Hacker News new | ask | show | jobs
by wavemode 918 days ago
Would it really be a "feedback loop"? I can see how the technique will enable small LLM's to emulate the quality of large LLM's. Though I fail to see how training on the output of a large LLM would ever produce something of superior quality to that LLM itself.
1 comments

Think of astronomy. The first generation of astronomers learns only by observing the night sky. The second generation learns by observing the night sky and also reading the books written by the first generation.

Wouldn't you expect the n^th generation to understand more about astronomy than the first? And maybe from a smaller amount of input - they might make relatively few observations of their own, mainly relying on the books written by the previous generation.

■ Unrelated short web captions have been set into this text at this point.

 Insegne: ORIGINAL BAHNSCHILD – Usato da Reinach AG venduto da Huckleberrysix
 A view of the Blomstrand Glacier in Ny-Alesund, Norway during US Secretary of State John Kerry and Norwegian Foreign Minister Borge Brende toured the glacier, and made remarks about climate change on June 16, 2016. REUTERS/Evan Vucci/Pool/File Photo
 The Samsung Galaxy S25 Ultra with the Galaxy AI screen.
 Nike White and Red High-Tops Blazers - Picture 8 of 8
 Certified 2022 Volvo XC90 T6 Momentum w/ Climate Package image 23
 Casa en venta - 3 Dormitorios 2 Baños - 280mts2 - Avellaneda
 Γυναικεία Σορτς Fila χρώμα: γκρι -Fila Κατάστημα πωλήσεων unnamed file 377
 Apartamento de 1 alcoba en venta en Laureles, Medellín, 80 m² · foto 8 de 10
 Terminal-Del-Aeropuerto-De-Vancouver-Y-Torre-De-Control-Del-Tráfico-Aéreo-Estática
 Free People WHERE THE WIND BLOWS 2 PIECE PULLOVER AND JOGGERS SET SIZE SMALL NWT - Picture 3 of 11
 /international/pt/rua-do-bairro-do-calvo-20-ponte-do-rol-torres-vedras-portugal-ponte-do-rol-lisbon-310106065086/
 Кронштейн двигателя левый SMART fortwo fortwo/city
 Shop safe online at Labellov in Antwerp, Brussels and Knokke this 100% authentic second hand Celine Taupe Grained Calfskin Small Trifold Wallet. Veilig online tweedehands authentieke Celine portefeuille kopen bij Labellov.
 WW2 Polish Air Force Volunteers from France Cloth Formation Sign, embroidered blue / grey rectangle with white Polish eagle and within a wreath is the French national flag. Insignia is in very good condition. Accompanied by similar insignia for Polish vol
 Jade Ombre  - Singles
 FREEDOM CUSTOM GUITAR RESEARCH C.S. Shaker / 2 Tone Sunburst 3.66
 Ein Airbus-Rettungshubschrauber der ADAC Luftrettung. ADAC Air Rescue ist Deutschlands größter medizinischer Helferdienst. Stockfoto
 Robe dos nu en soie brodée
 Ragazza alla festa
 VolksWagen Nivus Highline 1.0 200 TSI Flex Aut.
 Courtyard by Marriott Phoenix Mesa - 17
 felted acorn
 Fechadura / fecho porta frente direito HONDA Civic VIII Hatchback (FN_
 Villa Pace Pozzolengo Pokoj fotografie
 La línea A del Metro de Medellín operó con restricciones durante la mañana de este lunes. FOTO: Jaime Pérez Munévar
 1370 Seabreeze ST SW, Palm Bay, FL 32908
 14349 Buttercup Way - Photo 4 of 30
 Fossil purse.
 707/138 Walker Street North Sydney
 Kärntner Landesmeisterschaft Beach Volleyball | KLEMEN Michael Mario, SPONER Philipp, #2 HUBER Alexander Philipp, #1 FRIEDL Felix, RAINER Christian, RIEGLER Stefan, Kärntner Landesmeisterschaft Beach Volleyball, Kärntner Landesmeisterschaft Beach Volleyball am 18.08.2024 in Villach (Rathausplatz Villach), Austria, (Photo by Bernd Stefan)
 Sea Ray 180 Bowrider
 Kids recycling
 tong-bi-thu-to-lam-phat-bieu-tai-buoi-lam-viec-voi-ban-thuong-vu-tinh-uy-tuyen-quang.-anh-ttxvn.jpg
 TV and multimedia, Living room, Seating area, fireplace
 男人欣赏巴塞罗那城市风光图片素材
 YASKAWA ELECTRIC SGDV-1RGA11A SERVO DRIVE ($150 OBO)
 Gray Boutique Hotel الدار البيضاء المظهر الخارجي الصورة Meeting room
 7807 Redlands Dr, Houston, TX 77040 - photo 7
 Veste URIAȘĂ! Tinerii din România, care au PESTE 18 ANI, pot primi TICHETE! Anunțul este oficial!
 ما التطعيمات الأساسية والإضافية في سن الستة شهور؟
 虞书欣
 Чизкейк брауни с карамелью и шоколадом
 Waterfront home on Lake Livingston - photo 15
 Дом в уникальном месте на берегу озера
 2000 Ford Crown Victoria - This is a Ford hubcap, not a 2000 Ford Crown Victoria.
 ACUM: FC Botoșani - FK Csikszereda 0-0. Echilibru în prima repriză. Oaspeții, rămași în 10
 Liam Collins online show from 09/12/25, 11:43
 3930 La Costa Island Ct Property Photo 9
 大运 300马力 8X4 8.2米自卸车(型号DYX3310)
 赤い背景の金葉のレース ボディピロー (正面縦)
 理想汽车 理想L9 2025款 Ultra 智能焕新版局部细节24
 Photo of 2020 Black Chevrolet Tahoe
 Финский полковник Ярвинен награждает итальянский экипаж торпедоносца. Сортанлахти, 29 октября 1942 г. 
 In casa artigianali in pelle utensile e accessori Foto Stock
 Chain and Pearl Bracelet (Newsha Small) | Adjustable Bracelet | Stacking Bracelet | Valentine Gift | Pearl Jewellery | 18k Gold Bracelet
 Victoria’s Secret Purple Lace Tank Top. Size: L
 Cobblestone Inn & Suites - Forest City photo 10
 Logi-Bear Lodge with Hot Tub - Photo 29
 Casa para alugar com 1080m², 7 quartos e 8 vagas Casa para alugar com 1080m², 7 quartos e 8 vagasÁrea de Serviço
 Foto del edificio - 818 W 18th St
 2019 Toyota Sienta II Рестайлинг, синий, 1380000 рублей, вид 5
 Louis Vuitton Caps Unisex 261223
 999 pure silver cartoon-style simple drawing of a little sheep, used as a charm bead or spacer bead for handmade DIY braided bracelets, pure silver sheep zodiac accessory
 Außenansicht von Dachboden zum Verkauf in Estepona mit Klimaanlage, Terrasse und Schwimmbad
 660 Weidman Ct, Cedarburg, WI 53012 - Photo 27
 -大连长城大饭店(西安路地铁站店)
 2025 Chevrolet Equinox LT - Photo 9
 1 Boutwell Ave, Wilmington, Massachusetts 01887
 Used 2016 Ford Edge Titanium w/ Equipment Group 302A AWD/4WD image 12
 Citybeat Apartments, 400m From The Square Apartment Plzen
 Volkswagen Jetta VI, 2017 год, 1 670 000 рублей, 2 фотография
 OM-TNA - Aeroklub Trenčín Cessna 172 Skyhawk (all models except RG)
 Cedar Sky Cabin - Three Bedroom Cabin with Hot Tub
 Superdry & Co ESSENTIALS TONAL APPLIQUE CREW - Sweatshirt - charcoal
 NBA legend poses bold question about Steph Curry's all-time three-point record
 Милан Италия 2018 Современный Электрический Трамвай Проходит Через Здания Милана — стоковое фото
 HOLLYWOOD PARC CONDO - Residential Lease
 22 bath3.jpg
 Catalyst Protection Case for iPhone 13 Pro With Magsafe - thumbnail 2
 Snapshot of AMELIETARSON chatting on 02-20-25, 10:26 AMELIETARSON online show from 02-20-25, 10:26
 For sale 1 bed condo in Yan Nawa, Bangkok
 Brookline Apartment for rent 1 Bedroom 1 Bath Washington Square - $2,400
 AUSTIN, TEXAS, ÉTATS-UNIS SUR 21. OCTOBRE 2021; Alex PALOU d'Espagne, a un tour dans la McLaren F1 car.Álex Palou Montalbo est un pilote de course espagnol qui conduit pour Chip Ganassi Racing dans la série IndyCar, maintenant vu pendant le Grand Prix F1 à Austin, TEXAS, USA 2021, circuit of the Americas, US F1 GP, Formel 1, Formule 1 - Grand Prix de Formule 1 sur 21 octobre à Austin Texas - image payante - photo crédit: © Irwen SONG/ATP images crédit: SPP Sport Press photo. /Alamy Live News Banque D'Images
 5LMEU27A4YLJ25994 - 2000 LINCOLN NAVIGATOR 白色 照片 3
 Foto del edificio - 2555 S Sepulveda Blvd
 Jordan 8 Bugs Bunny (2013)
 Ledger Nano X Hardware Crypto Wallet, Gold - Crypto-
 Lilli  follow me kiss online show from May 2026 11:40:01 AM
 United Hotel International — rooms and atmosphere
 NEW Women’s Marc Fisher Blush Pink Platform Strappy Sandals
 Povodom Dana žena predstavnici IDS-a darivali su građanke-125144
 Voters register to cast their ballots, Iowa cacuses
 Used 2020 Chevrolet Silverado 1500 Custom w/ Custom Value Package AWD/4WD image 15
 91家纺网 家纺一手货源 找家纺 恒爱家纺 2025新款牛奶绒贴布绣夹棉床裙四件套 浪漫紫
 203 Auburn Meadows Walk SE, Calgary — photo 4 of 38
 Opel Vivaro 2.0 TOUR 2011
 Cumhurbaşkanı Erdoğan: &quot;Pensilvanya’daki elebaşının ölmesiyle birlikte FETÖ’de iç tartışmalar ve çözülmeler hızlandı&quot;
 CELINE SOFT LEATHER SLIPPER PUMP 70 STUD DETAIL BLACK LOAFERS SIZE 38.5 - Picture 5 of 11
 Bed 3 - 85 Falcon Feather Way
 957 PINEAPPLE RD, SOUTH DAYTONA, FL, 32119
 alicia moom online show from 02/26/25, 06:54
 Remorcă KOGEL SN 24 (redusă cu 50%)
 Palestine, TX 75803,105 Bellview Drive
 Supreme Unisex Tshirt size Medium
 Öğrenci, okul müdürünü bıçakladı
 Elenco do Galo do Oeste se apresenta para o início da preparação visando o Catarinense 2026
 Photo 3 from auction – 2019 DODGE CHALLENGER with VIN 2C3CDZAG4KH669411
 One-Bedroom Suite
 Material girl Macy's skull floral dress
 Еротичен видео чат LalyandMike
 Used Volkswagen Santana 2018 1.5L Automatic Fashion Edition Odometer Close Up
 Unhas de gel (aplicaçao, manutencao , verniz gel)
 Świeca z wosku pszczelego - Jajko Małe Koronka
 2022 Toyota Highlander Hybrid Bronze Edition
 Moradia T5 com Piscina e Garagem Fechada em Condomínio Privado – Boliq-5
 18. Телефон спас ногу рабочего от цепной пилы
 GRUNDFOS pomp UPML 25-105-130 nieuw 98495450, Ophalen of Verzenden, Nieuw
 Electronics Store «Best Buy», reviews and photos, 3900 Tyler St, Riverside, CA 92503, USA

But isn't the comparison you're making that the second (and following) sets of astronomers only study the books of the first ones, and not the night sky itself?
Not necessarily - their comparison continues to mix in observations of the night sky, and similarly we’d do the same (continue mixing in organic data).

That’s not the exciting bit, though - if you have a sufficiently strong LLM, you can feed it observations of the world and ask it to reword, analyse or interpret those observations, and then train on those.

That allows the model to learn from the world in “its own words”, and if you combine that with a steady feed of observations (i.e. self-play), it can learn about new things and draw its own conclusions while doing so.

“Draw its own conclusions” is a bit of an overstatement right now. IMO the sycophantic, non-opinionated behavior of models is one of their biggest limitations right now.